═══ Input data ═══
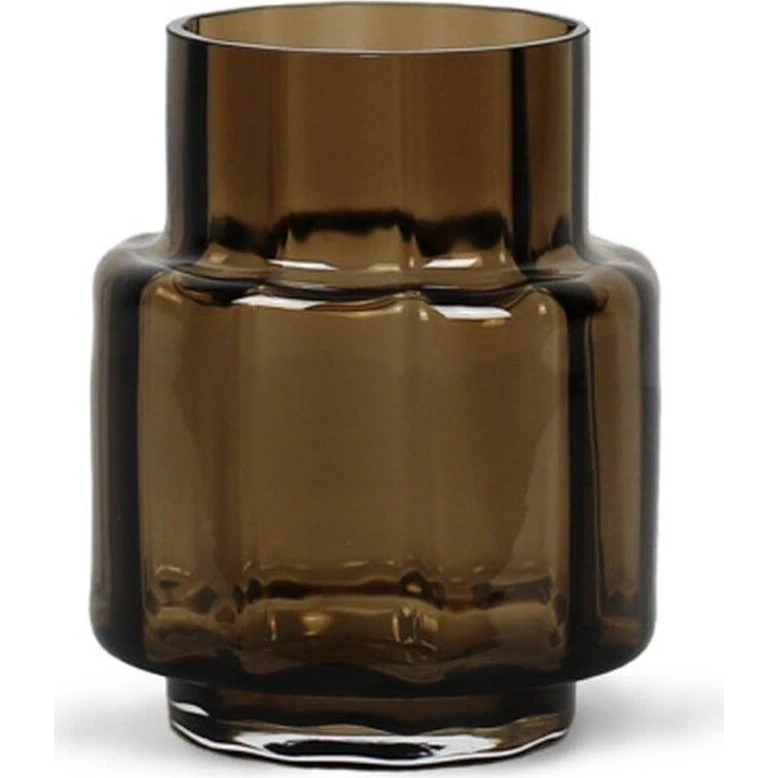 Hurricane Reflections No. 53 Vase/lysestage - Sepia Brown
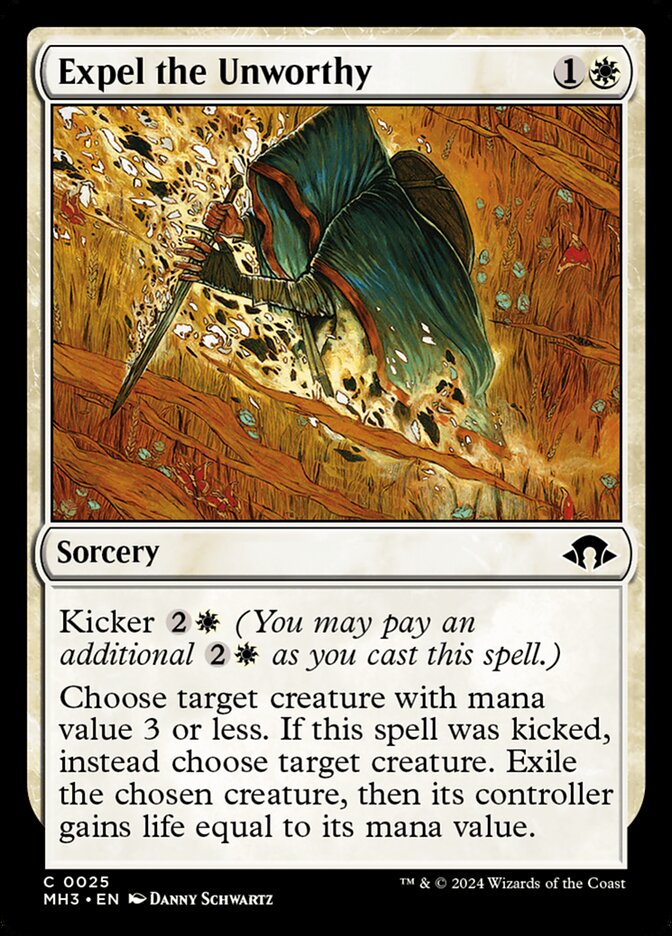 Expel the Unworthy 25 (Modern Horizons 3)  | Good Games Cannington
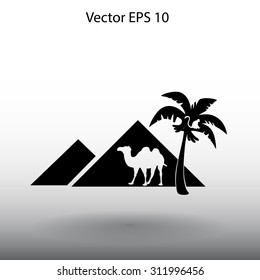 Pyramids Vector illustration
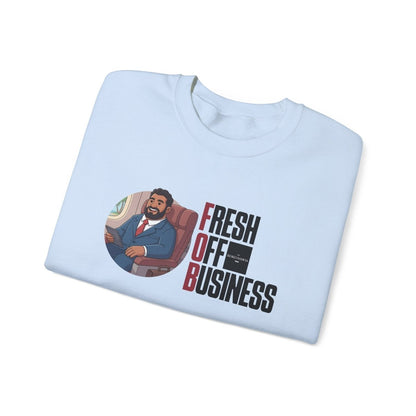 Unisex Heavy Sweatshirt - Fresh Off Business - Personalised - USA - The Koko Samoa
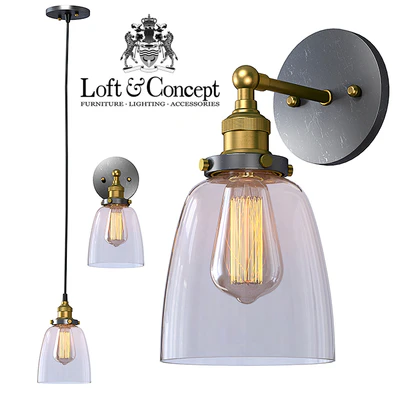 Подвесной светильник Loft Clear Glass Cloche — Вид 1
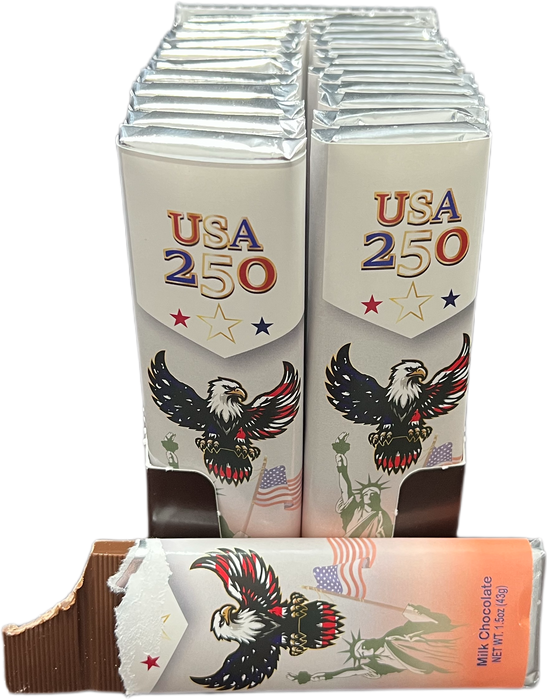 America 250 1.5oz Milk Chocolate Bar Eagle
═══
Write out the material above exactly, and omit the pictures it holds.

• _Completed task_
 Hurricane Reflections No. 53 Vase/lysestage - Sepia Brown
 Expel the Unworthy 25 (Modern Horizons 3)  | Good Games Cannington
 Pyramids Vector illustration
 Unisex Heavy Sweatshirt - Fresh Off Business - Personalised - USA - The Koko Samoa
 Подвесной светильник Loft Clear Glass Cloche — Вид 1
 America 250 1.5oz Milk Chocolate Bar Eagle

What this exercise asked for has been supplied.